PROBLEM TO SOLVE: Read the data below. Then repeat all of it exactly.

DATASET EXTRACT:
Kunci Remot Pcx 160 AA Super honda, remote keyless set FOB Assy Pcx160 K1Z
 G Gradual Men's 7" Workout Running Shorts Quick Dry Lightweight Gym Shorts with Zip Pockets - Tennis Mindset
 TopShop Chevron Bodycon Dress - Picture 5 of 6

WORKED SOLUTION:
Kunci Remot Pcx 160 AA Super honda, remote keyless set FOB Assy Pcx160 K1Z
 G Gradual Men's 7" Workout Running Shorts Quick Dry Lightweight Gym Shorts with Zip Pockets - Tennis Mindset
 TopShop Chevron Bodycon Dress - Picture 5 of 6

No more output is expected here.